Except for computers and consoles, there are many other machines with real or mimicked soundchips inside. The recent DCM8 drum machine and the amazing Droid3 are examples of the latter, while Sidstation and POKEY.synth contain actual soundchips. But these are all sort of retrospective projects from the past decade or so. But what kind of soundchip-machines was around in the 80′s?

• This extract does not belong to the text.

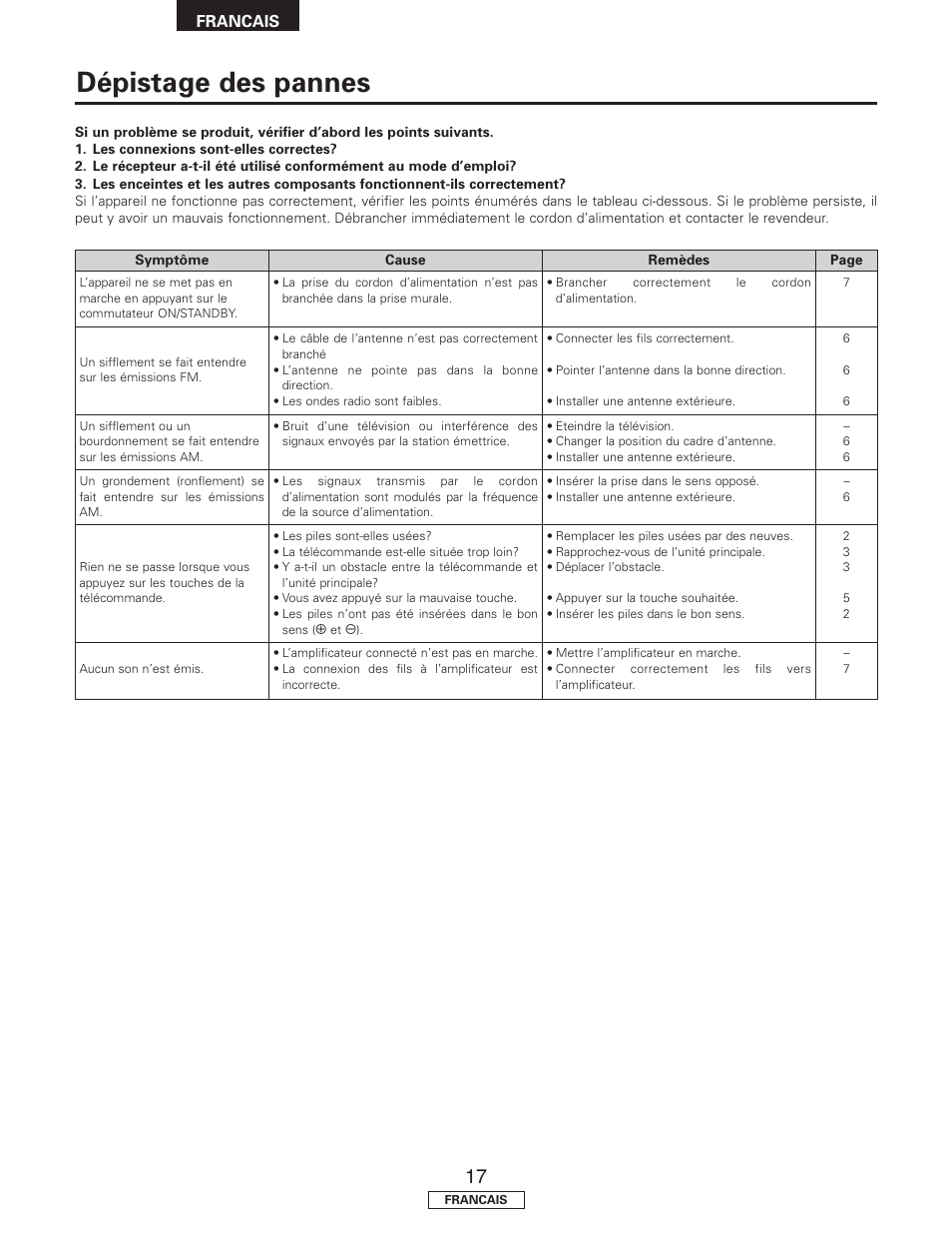 Dépistage des pannes | Denon TU-1500AE User Manual | Page 58 / 134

The most obvious example is the YM-soundchips. It’s a confusing field but, basically, Yamaha made these chips for both consoles, computers, keyboards and synthesizers. They mostly used FM-synthesis, which was a big part of the sound of 1980′s (and early 90′s bedroom electronica like µ-ziq). Yamaha synthesizers like DX-21, DX-100 and FB-01 used soundchips that a few years later were found in consumer products like X68000, some MSX-models and plenty of keyboards (ABA-88 lol). Later on, similar chips were also found in soundcards and mobile phones. *
The Remco Electronic Sound FX machine from 1979 was quite the noise maker. It was built on the SN76477-chip, which was popular for arcade games like Space Invaders but also used in ABC80 and Gakken EX. There are a few semi-recent DIY-projects, but I haven’t been able to find old consumer products with this chip. Recently, Panzer Party released a vinyl composed only with the Remco machine though.
It’s surprising that so few soundchips were used for both games and instruments. They continue to be two quite different fields. One consequence of that is that computer/console-based chipmusic was always separated from those who used soundchip-keyboards. For example, the techno-centrics of chipmusic (‘a soundchip is an instrument/medium’) wouldn’t categorize a DX-21 song as chipmusic.

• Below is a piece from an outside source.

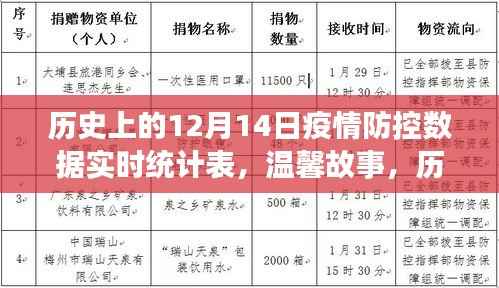 绝代佳人 第2页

Another consequence is an apparent gap in soundchip research. Many soundchips were never used for computer/game stuff and are (therefore?) not so well documented. Chips like M114S, CEM3394 or MC-3 2191 were found in keyboards, arcade games, toys and synthesizers. Some chips were found in speech devices, domestic robots, mobile phones and other thingies. Afaik, there is no thorough lists of such chips. There might not be 1.000.000, but who knows?

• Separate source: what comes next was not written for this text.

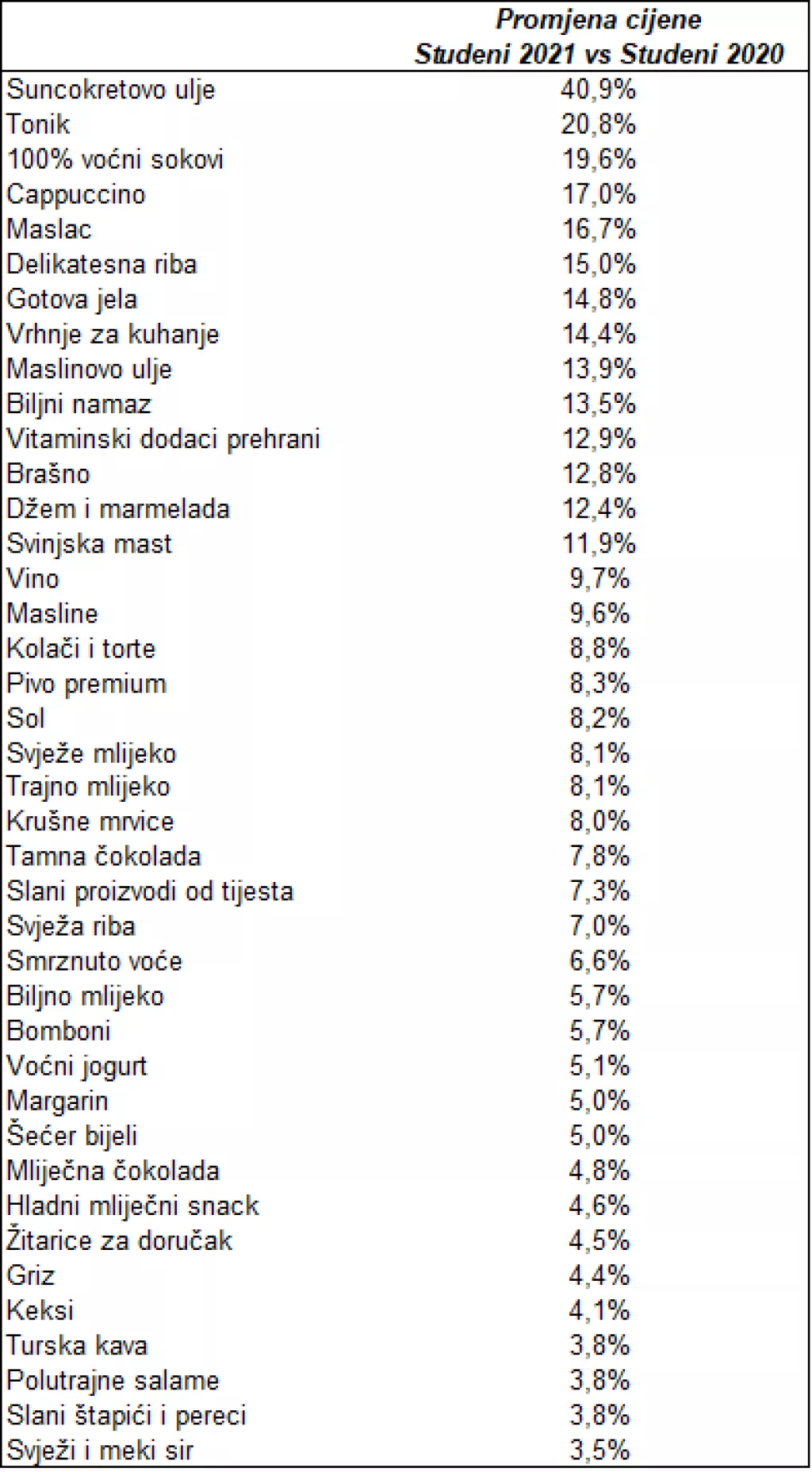 Inflacija osjetno pogodila niz prehrambenih proizvoda tijekom studenog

Well, there is Cyberyogi of course. He has an impressive collection of old keyboards that he also circuit bends (and makes squarewave music, not chipmusic). Describing the sounds, he often references POKEY (Simba – My MusicWorld, Hing Hon) and SID (Letron, PSS-100) but the hardware inside was either analogue or had obscure chips. There are probably people similar to him around the web, right?
(As some kind of consolation cross-over between synthesizers & computers, check out the HxC floppy disk emulator)
* I haven’t listened a lot to FM-music but to me it’s striking how different these chips were used by pop music producers and game composers. Virt argues that since FM-synthesis was difficult to grasp and had a crappy interface, most pop producers settled with using the preset sounds. (Reminds me a bit of how the TB-303 suffered from bad manuals and interface aswell.) Game composers though, were making far more complex things – sonically and musically. Was that because they were usually Japanese, and FM was very popular there, and they are better at enjoying unpredictable machines?